TSC was reduced by standard-of-care CDT in limbs affected by lymphedema in the skin and, to a lesser extent, in the SAT. We confirmed the reproducibility of ²³Na-MRI in controls over a similar time course to lymphedema therapy, which strengthens the interpretation of the findings in participants with lymphedema who underwent CDT. The treatment effect on skin TSC (reduced 4.32 mmol/L) was greater than the RPC (3.82 mmol/L), suggesting that the decrease in treated legs is due to more than typical variation in ²³Na-MRI skin measurements. This result demonstrates potential for sodium MRI to observe the effects of a lymphatic therapy on lymphedema tissue, using a physiological imaging metric of TSC.

Results were less conclusive in the SAT, where the RPC (5.83 mmol/L) is greater than the difference observed with treatment (reduced 2.27 mmol/L).
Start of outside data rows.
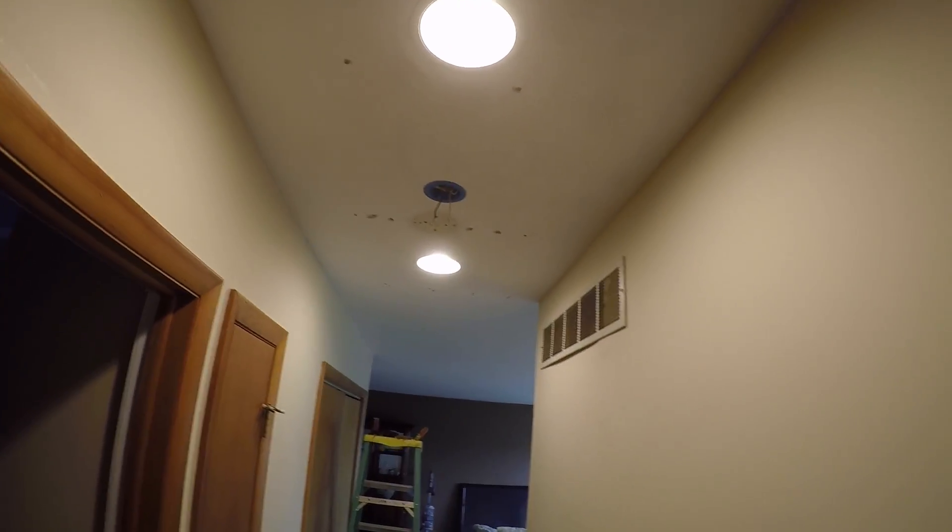There are some nail pops here that are replaced. And then these are the recessed lights — I installed both of them on the past day.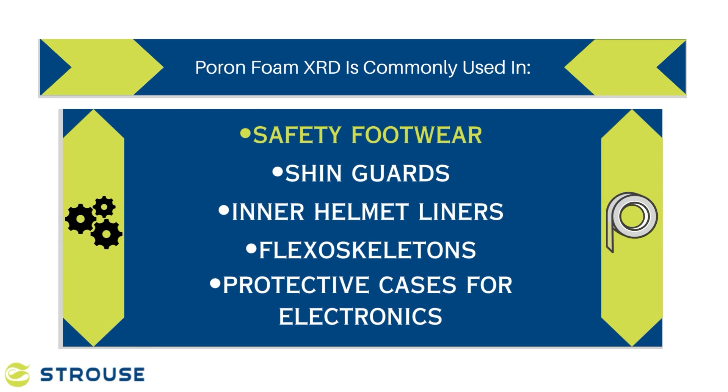This makes Pour-on XRD particularly suitable for use in safety footwear, shin guards, inner helmet liners, flexoskeletons, and protective cases for electronics. Its lightweight nature adds to its appeal for use in wearable technology and sports gear.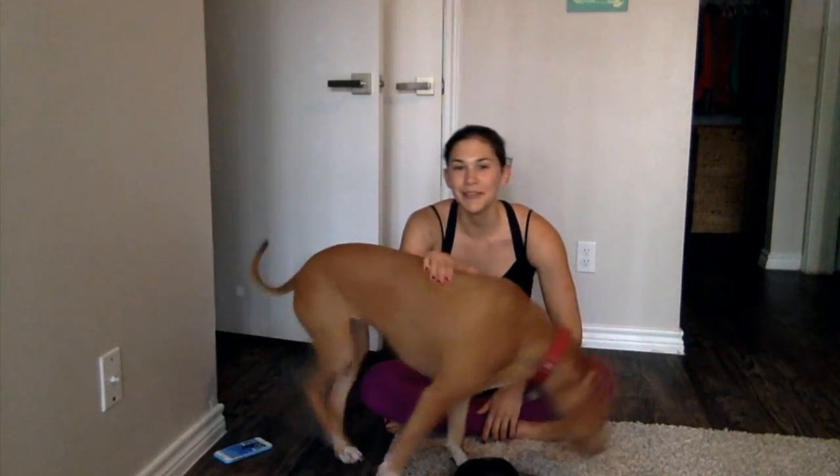Hey friends, I hope that you're doing well. Today we are filming a workout that is a reader request. The request was for a core workout that would be safe for folks recovering from diastasis recti, which is the separation of your abdominal wall.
The larger variability in SAT RPC could be because the SAT is a larger, heterogeneous region, and treatment may have more localized effects in the tissue, which may not be captured by averaging TSC in the whole SAT region. No significant changes in muscle TSC were observed due to CDT (p = 0.171). These results are logical, considering that CDT is a conservative treatment of at least the superficial tissue that may not impact deeper adipose tissue, unless the therapist utilizes manual techniques to intentionally target deeper tissues. Evaluating the nuances of the manual approach was outside the scope of this study but warrants further investigation given our understanding of both deep and superficial tissue involvement of lymphedema.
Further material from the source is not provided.